En una tranquila localidad de Canadá, John Schneeberger era un médico de familia admirado por sus pacientes. Nadie sospechaba que podría haber cometido un abuso sexual. Mucho menos que había falseado de una creativa manera un estudio de ADN.
El médico acusado de abuso sexual que zafó tras falsear una prueba de ADN
El caso de abuso sexual terminó complicando al médico John Schneeberger cuando se descubrió la trampa que había realizado
John Schneeberger nació en 1961 en Zambia, se recibió en Sudáfrica y emigró a Canadá en 1987. Su vida cambió drásticamente el 31 de octubre de 1992, cuando una paciente de 23 años lo acusó de haberla sedado durante una consulta nocturna y abusado sexualmente de ella mientras estaba semiinconsciente.
La joven presentó un kit de violación con muestras de semen, pero las primeras pruebas de ADN realizadas con sangre de John Schneeberger no coincidieron, lo que lo exoneró de inmediato y generó un fuerte rechazo hacia la víctima en la comunidad, que lo defendía como un profesional intachable.
El giro en la causa de abuso sexual
John Schneeberger repitió el engaño en 2 pruebas adicionales de ADN solicitadas por la policía de Canadá y la propia víctima entre 1993 y 1994. Los análisis volvieron a descartar su culpabilidad, lo que llevó al cierre oficial del caso.

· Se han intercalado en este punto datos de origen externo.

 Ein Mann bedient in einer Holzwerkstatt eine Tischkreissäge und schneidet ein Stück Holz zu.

La víctima del abuso sexual, convencida de su recuerdo a pesar de los efectos amnésicos del sedante, contrató a un detective privado que obtuvo una muestra de ADN del auto del médico, la cual sí coincidió con el semen. Aun así, una tercera prueba oficial falló por falta de material suficiente. El caso quedó archivado y el galeno continuó ejerciendo, mientras la víctima enfrentaba estigma social y aislamiento en el pequeño pueblo.
Todo cambió en 1997 cuando la esposa de John Schneeberger descubrió que su marido había drogado y abusado sexualmente repetidamente de su hija adolescente de 15 años. La denuncia reactivó la investigación policial. Esta vez, las autoridades exigieron múltiples muestras: sangre, hisopo bucal y folículos pilosos. Todas coincidieron con el ADN del semen de ambas víctimas.

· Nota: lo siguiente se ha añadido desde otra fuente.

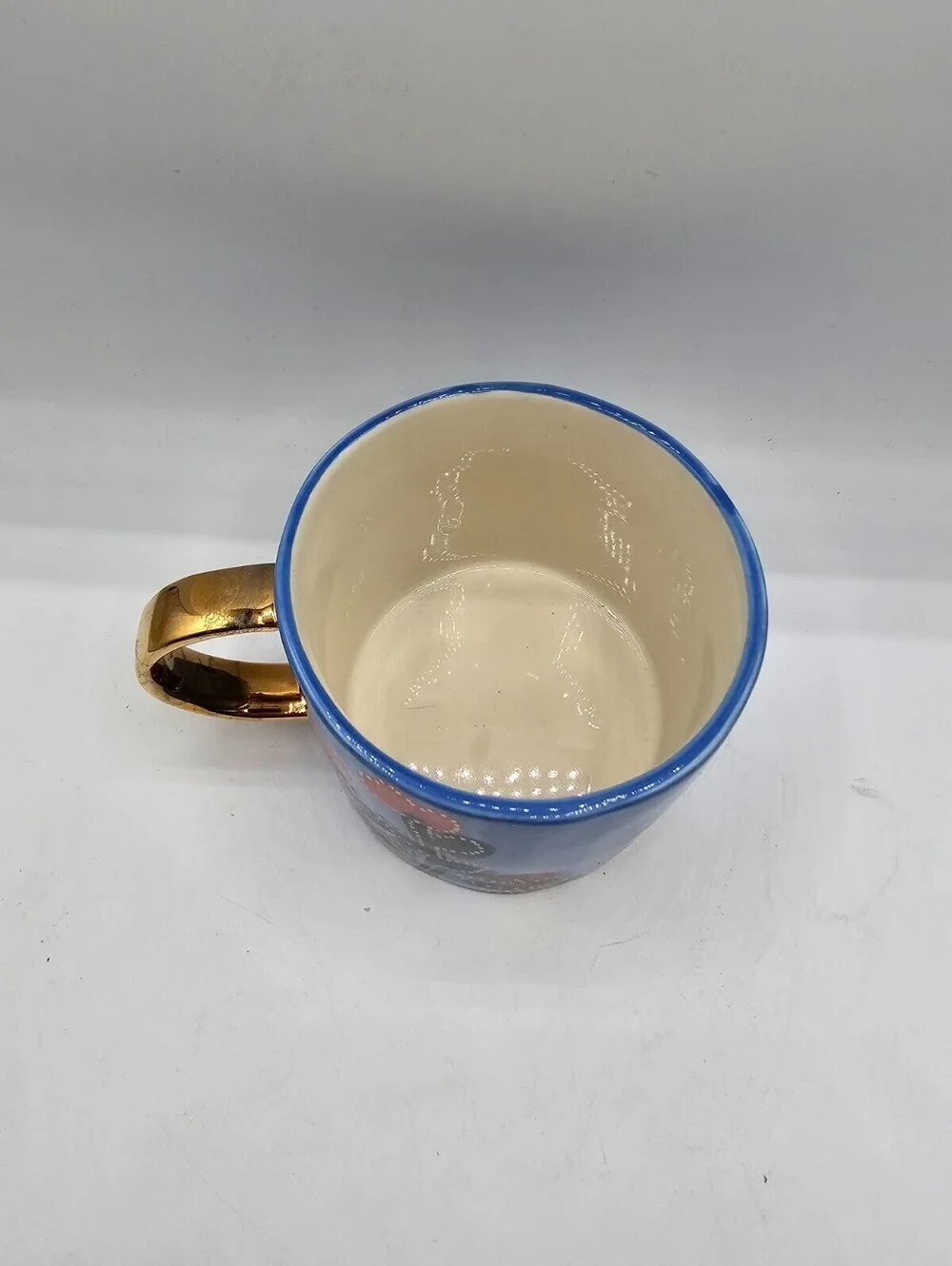 Anthropologie Francesca Kaye Atelier floral mug with a blue body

El escándalo estalló y John Schneeberger fue detenido. Durante el juicio en 1999, el médico confesó su método: había implantado quirúrgicamente un tubo de drenaje de 15 centímetros en su brazo, lleno con sangre de otro hombre y anticoagulantes, y manipulaba al técnico para extraer de esa zona falsa.

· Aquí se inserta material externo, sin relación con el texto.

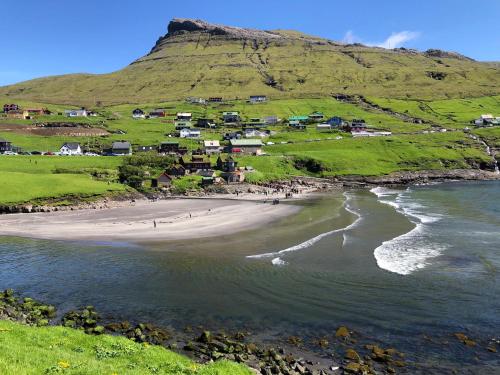 a view of a beach with a mountain in the background at Cosy apartment in Kvívík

El tribunal lo condenó por abuso sexual, administración de sustancia nociva y obstrucción a la justicia, imponiéndole 6 años de prisión. Perdió su licencia médica. Cumplió solo 4 años y obtuvo libertad condicional en 2003. Ese mismo año, Canadá le revocó la ciudadanía y lo deportó a Sudáfrica en julio de 2004, donde se instaló con su madre.